Nothing is labeled good or bad, you can only perceive things as good or bad.

Understanding that nothing really matters is key in allowing yourself to be happy.

There are two reasons we don't want to be happy.

The main reason being: we think it is more beneficial to us to focus on changing our circumstances than to be happy with the way things are.

This is not true though. What can possibly benefit you more than happiness?

The second reason, that occurs less often, is guilt. We might feel it's unfair for us to be happy when there is unhappiness around us...

There is no reason to feel guilty for anything, because you are giving yourself too much responsibility if you think that way. You don't matter, and it doesn't matter what you do. You are never doing anything wrong by being happy.

Beliefs = What you think is true.

You do not choose your beliefs, because your beliefs require proof. Your mind will not accept something as true just because you say so in your head. You can't lie to yourself, there is only one of you.

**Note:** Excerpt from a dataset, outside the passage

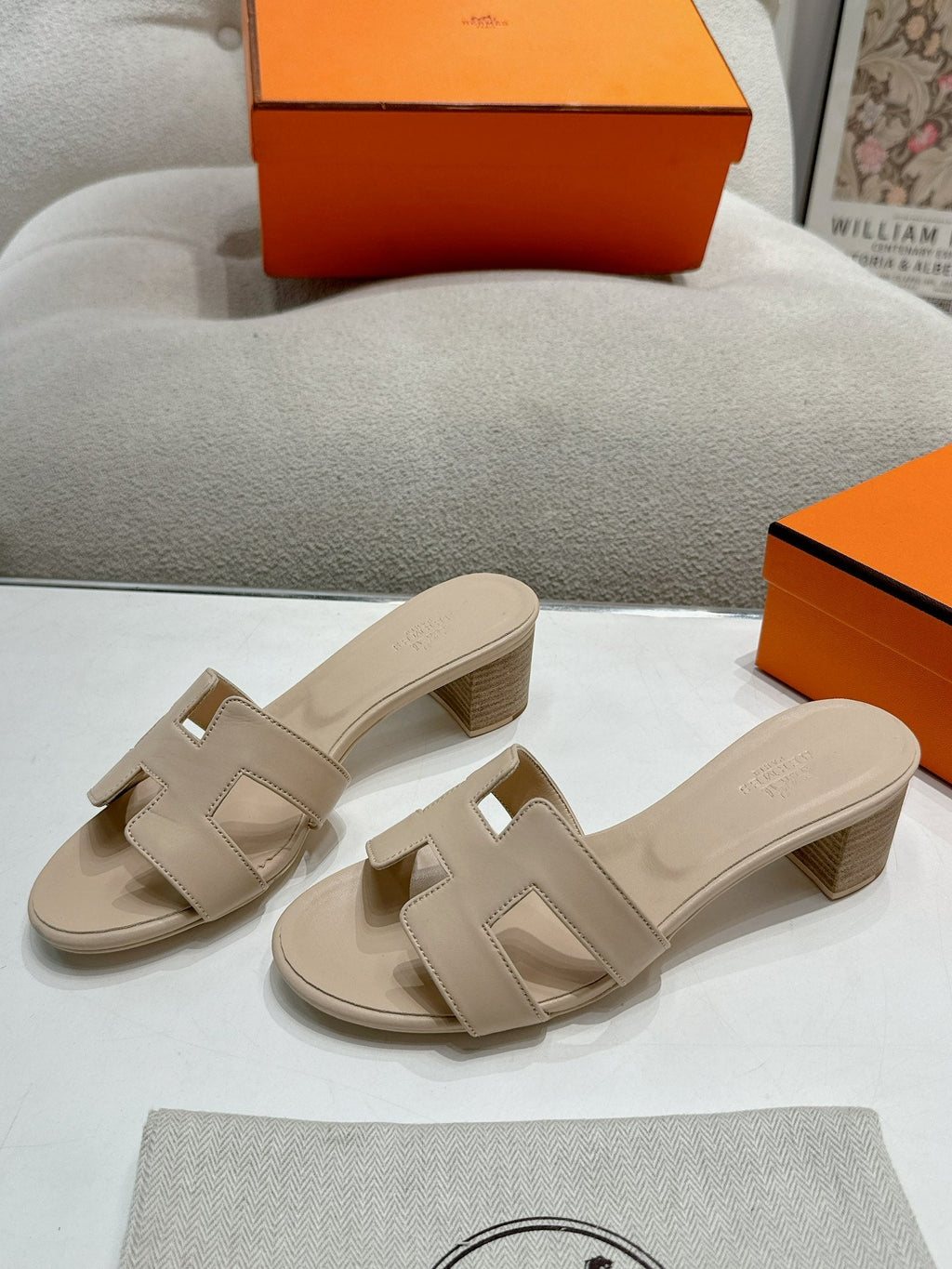 HERMES 0ASIS SANDAL WHITE CREAM CALFSKIN CLASSIC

It is better to see your beliefs for what they are than to deny them and assume you can change them that easily. Don't pretend or try to act any certain way that seems fake, because it will not do anything for you. It only effects the things around you, but you know what's going on inside of you and you can see it all.

So yeah, just figure out what emotion you really want out of life. Just ask yourself:

How do I want to feel?

Because if you don't figure out how you want to feel, what are you really doing with your life?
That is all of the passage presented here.